-------- Records for this exercise --------
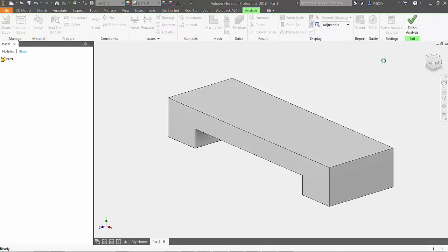With a basic part created, head up to the stress analysis button in the ribbon. Once in the simulation environment, head over to the create study button over to the left.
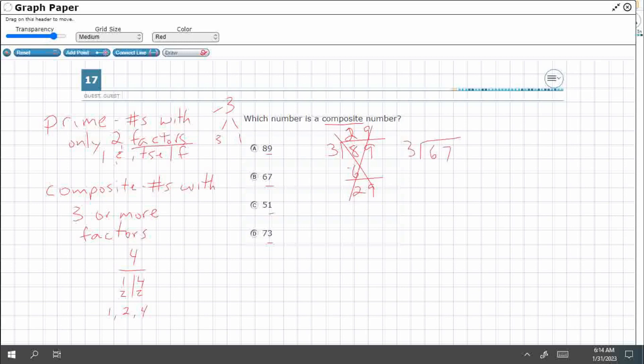Three into 67, it's going to go twice. Six, seven, nope. It's going to be twice, but be a remainder.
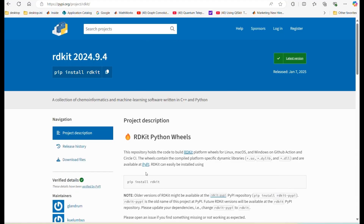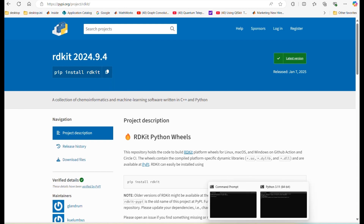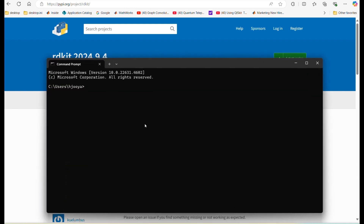Installing Python libraries is our next requirement. We will install RDKit, which is a cheminformatics package. Simply copy this command and run it in your command prompt to install RDKit. With these steps completed, you are all set to run this example.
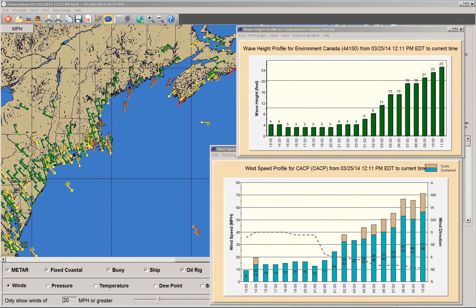A significant enhancement this year is a new function that allows users to examine current observations for all official weather stations. This includes all land-based stations, NOAA-operated coastal stations, buoys, oil rigs, and ship reports — the total number being over 5,000 stations providing hourly reports. The data includes wind speeds,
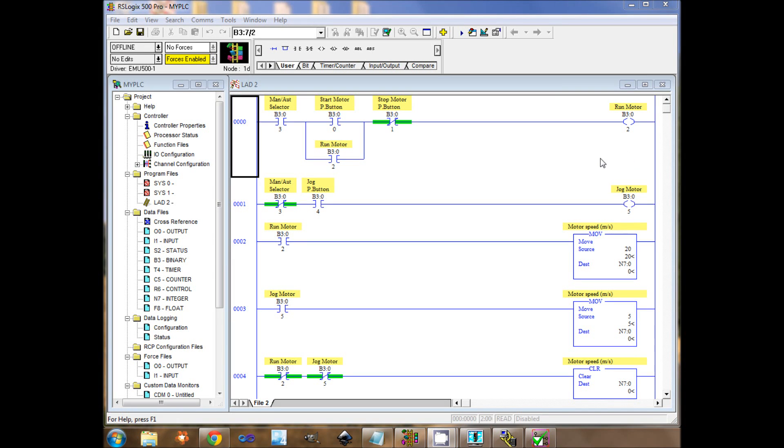Hi, with this video I will show you how to write an OPC client with C-Sharp. I will use RSLogix 500, RSLinx OPC server and RSEmulate 500.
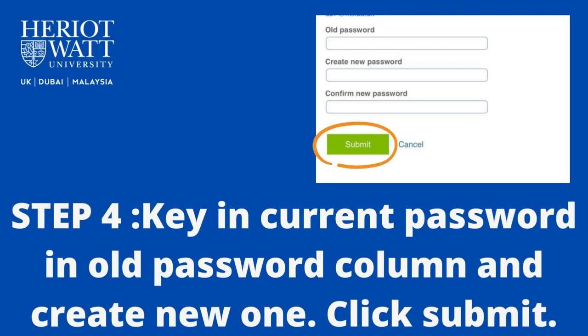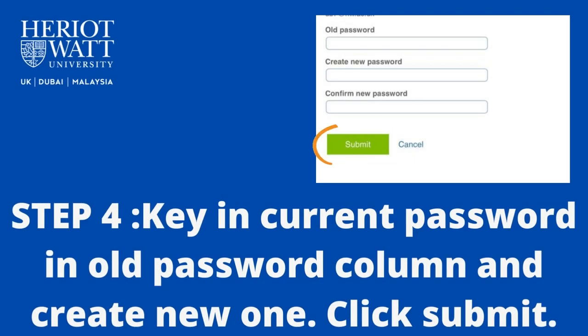On that page, enter the old password which is your current password, follow with create and confirm the new password. When you are done, click Submit.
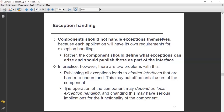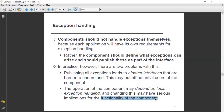Second, the operation of the component may depend on local exception handling. This is also an important point. The operations of the component may depend on local exception handling, and changing this may have serious implications for the functionality of the component.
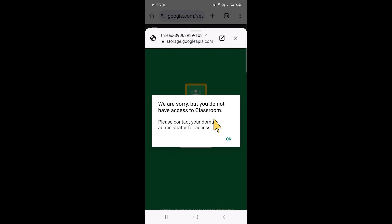If you're getting this error message when you're trying to join a classroom, the most likely reason is because your phone does not have any type of security, which means either a pin code, password, pattern, or fingerprint. So what you need to do is just add that on.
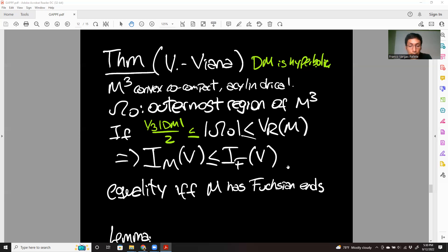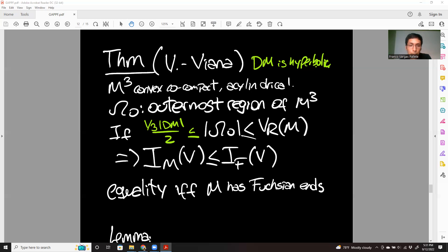This inequality should hold for any V. Moreover, we have equality if and only if M has funnel ends. It's enough to know that if we have equality just for one V, then it follows that M has to equal the model. I should note that technically, funnel manifolds are not included under this setup, and there is a technical way using relatively cylindrical conditions to handle that case.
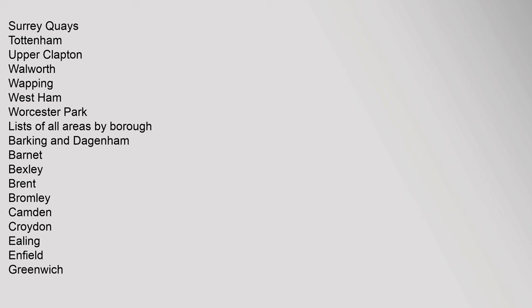Barnet, Bexley, Brent, Bromley, Camden, Croydon, Ealing, Enfield, Greenwich, Hackney, Hammersmith and Fulham, Haringey, Harrow, Havering, Hillingdon, Hounslow, Islington, Kensington and Chelsea.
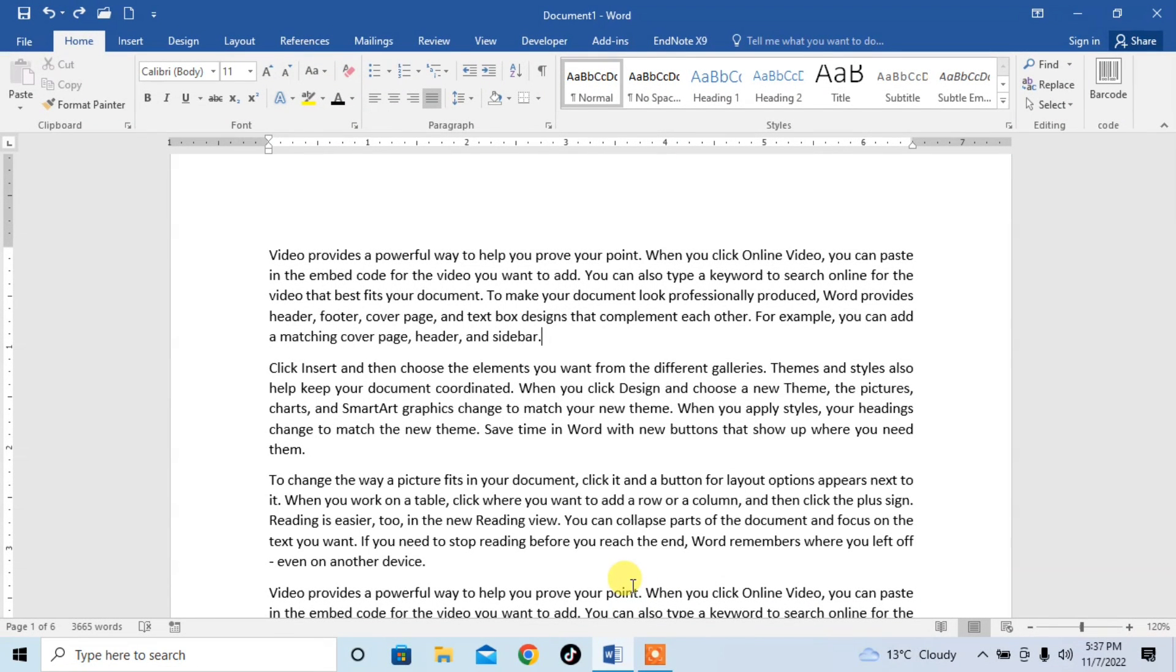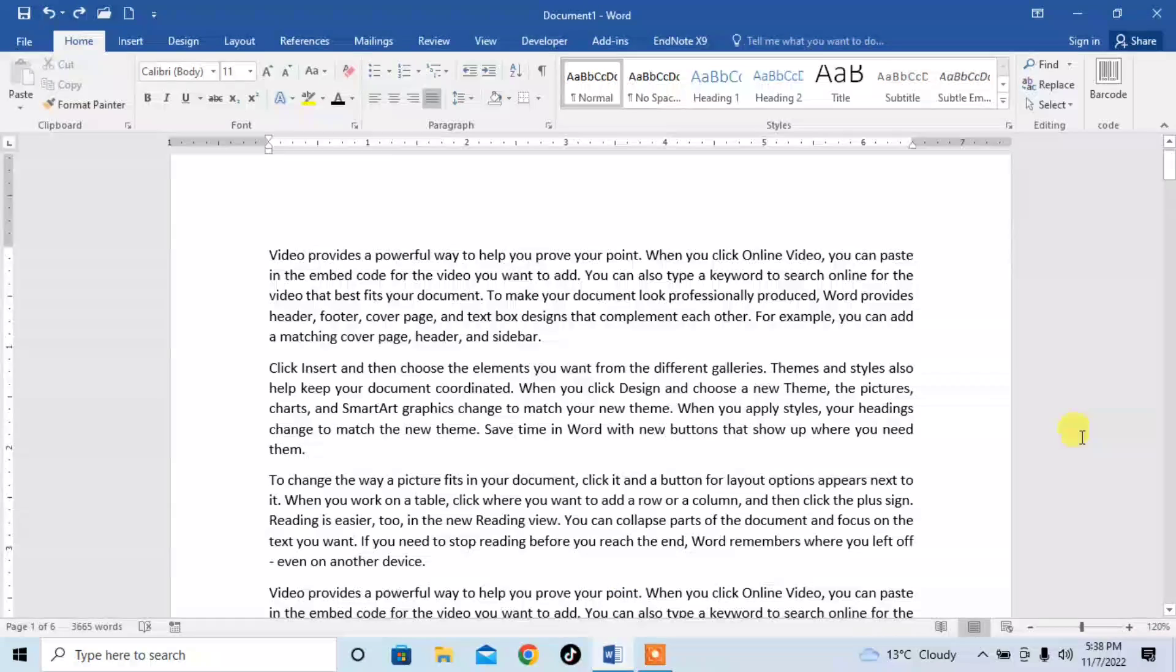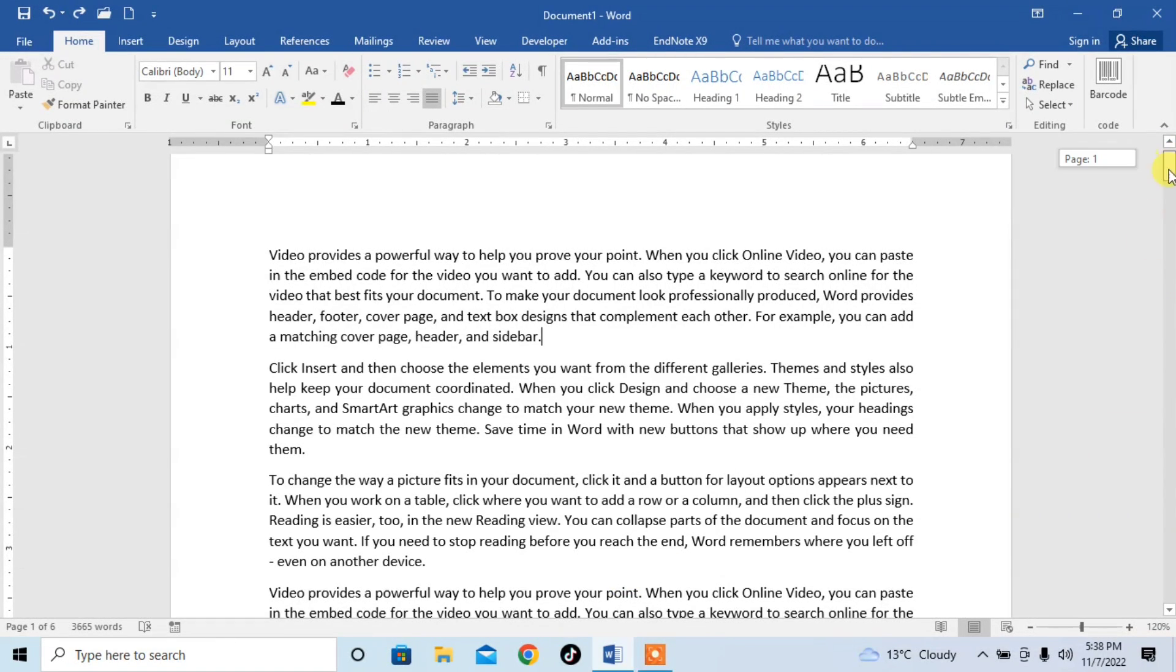Hello friends, in this video tutorial you are going to learn how to repeat document name or any other text on every page in Microsoft Word. It's very simple. Here you can see I have text written on six pages. I want to show a name on every page.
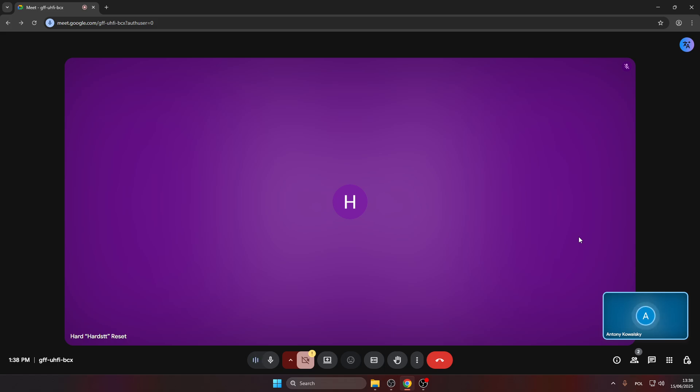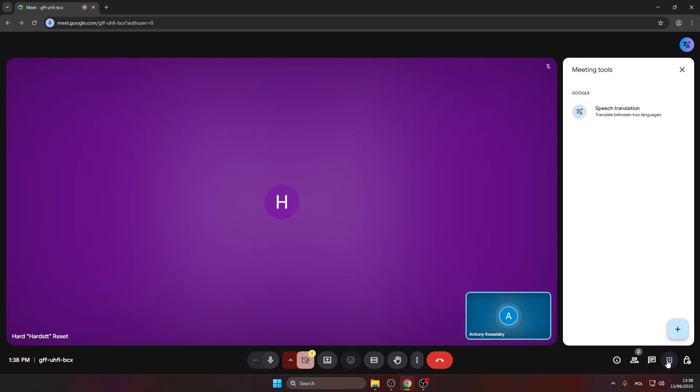As you can see, I have a Google meeting right now. All you need to do is get yourself a Google AI Pro subscription to access the meeting tools, and now I'm going to click on it.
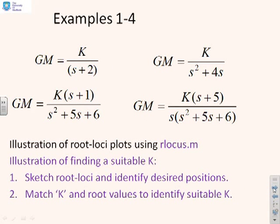Some examples then. So you'll see we've got four different examples here which are listed. Example 1, K over s plus 2. Example 2, K over s squared plus 4s. Example 3, K times s plus 1 over s squared plus 5s plus 6. Example 4, K times s plus 5 over s times s squared plus 5s plus 6.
--------
Your objective: Everything in the records above must be repeated exactly, except the pictures.

Exercise response:
With a basic part created, head up to the stress analysis button in the ribbon. Once in the simulation environment, head over to the create study button over to the left.
Three into 67, it's going to go twice. Six, seven, nope. It's going to be twice, but be a remainder.
Installing Python libraries is our next requirement. We will install RDKit, which is a cheminformatics package. Simply copy this command and run it in your command prompt to install RDKit. With these steps completed, you are all set to run this example.
A significant enhancement this year is a new function that allows users to examine current observations for all official weather stations. This includes all land-based stations, NOAA-operated coastal stations, buoys, oil rigs, and ship reports — the total number being over 5,000 stations providing hourly reports. The data includes wind speeds,
Hi, with this video I will show you how to write an OPC client with C-Sharp. I will use RSLogix 500, RSLinx OPC server and RSEmulate 500.
On that page, enter the old password which is your current password, follow with create and confirm the new password. When you are done, click Submit.
Second, the operation of the component may depend on local exception handling. This is also an important point. The operations of the component may depend on local exception handling, and changing this may have serious implications for the functionality of the component.
If you're getting this error message when you're trying to join a classroom, the most likely reason is because your phone does not have any type of security, which means either a pin code, password, pattern, or fingerprint. So what you need to do is just add that on.
This inequality should hold for any V. Moreover, we have equality if and only if M has funnel ends. It's enough to know that if we have equality just for one V, then it follows that M has to equal the model. I should note that technically, funnel manifolds are not included under this setup, and there is a technical way using relatively cylindrical conditions to handle that case.
Barnet, Bexley, Brent, Bromley, Camden, Croydon, Ealing, Enfield, Greenwich, Hackney, Hammersmith and Fulham, Haringey, Harrow, Havering, Hillingdon, Hounslow, Islington, Kensington and Chelsea.
Hello friends, in this video tutorial you are going to learn how to repeat document name or any other text on every page in Microsoft Word. It's very simple. Here you can see I have text written on six pages. I want to show a name on every page.
As you can see, I have a Google meeting right now. All you need to do is get yourself a Google AI Pro subscription to access the meeting tools, and now I'm going to click on it.
Some examples then. So you'll see we've got four different examples here which are listed. Example 1, K over s plus 2. Example 2, K over s squared plus 4s. Example 3, K times s plus 1 over s squared plus 5s plus 6. Example 4, K times s plus 5 over s times s squared plus 5s plus 6.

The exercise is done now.